The government also decided in 1996 that it would no longer hold the budget for support of asylum seekers centrally, and that local authorities where asylum seekers reside would bear the costs of their resettlement.
This lead to vulnerable people were dispersed around the country with no say or choice about the destination.
Reducing The ‘Pull Factor’
The next step was to deny asylum seekers access to legal aid, then replace the £35 a week cash benefit with a charge card so that asylum seekers have no access to money for travel.
The aim of these measures was to reduce the so-called ‘pull factors’ that successive governments imagine are the reasons why people come to the UK.
The actual result of these policies is destitution and dehumanisation of vulnerable people, many of whom are traumatised as a result of torture or trafficking.
Image credit: Migrant’s Organise demo/ Press shot
In response to these policies, ten years ago Migrants Organise launched our Community Programme – a combination of mentoring, advice and educational and other activities where people stuck in the bureaucratic system can get support, build community and make friends.
The Community Programme is also a space for people from all walks of life to volunteer and support inclusion and welcome in a meaningful way.
Every year, more than one hundred volunteers mentor, advise, teach, organise and campaign with migrants and refugees through our organisation.
Ever-Increasing Demand
Since the inception of the “hostile environment” there has been a manifold increase in the problems our work sought to address.
Migrant organisations up and down the country report the same thing: a doubling, tripling of the amount of casework support needed by our communities – and with no end in sight.
When the story is told of how human rights were stripped from British citizens, it will begin by documenting the steady exclusion and dehumanisation of asylum seekers, refugees and migrants.
As it stands, the broken immigration system leaves hundreds of thousands of people completely stuck, with no way towards normalisation of their status, and thus left out of the framework of human rights altogether.
When the story is told of how human rights were stripped from British citizens, it will begin by documenting the steady exclusion and dehumanisation of asylum seekers, refugees and migrants.
Hostile To Healthcare
That migration is the modern testing ground for reactionary politics can also be seen in the overlapping agendas of the “hostile environment” and neoliberal austerity.

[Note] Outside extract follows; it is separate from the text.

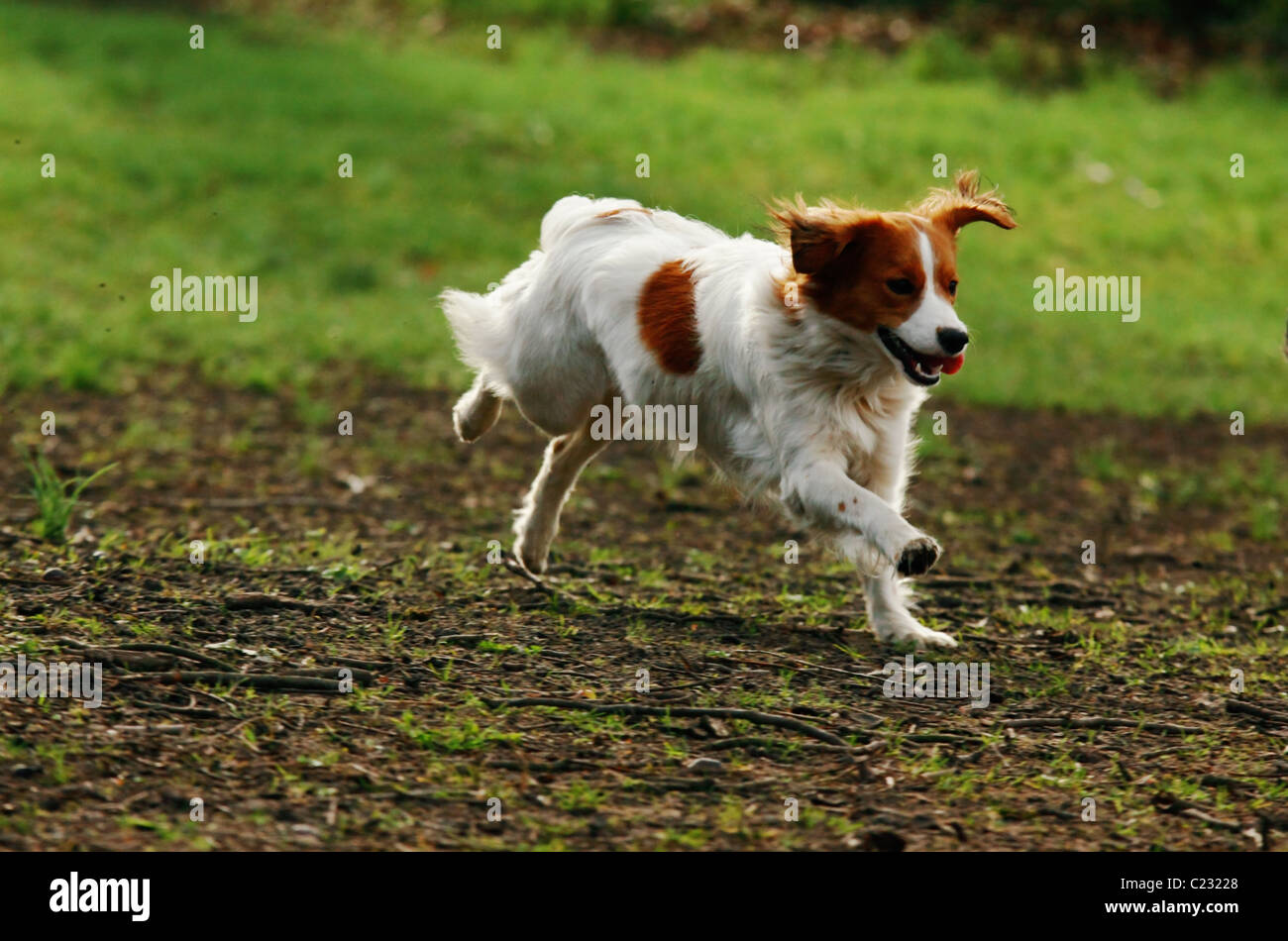 Esecuzione di cane nel parco Foto Stock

Nowhere is this clearer than in health, where Government legislation demanding migrants pay upfront for care has created a charging regime in the National Health Service (NHS). This charging system can, at any time, be expanded to the general population, and initiate the move towards a privatised healthcare on a US model.

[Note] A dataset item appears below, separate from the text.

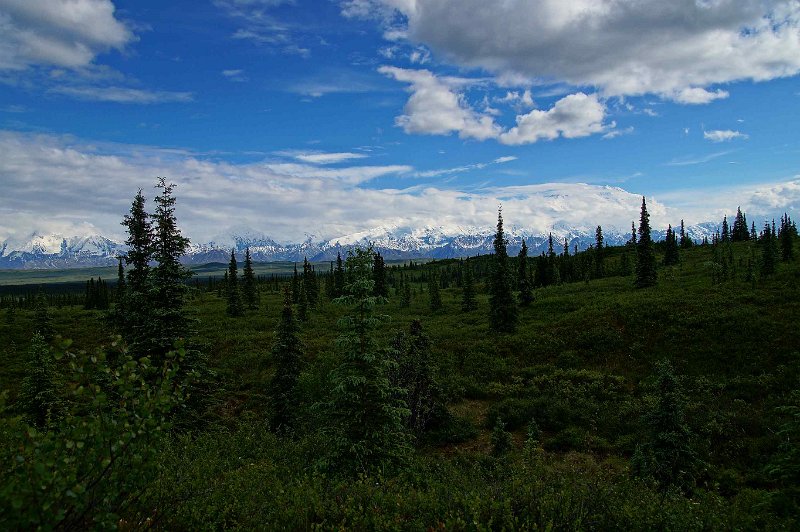 2017-alaska-082.jpg - Denali national park, wonder lake camp ground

Image credit: Migrant’s Organise demo/ Press shot
The lessons from this are twofold. Firstly, that there is a desperate need for a migrant movement in the UK to work for systemic change that reverses recent legislation and moves the country towards an immigration system based on universal human rights and the principles of fairness, justice and dignity.
The “hostile environment” shows us that rights can be taken away, but they can’t be given back, they must be won, and this is why we organise.
Everybody’s Fight
Secondly, the struggle for a just immigration system is everybody’s fight.
The injustices of our current immigration system are at the centre of struggles against economic injustice, against racism and to uphold the basic system of rights that have been won in this country.
This is why hundreds of campaigners, healthcare workers and migrants will be meeting in London on Tuesday 30 April to say that only together can we successfully defeat the “hostile environment” and defend the principles of a democratic society.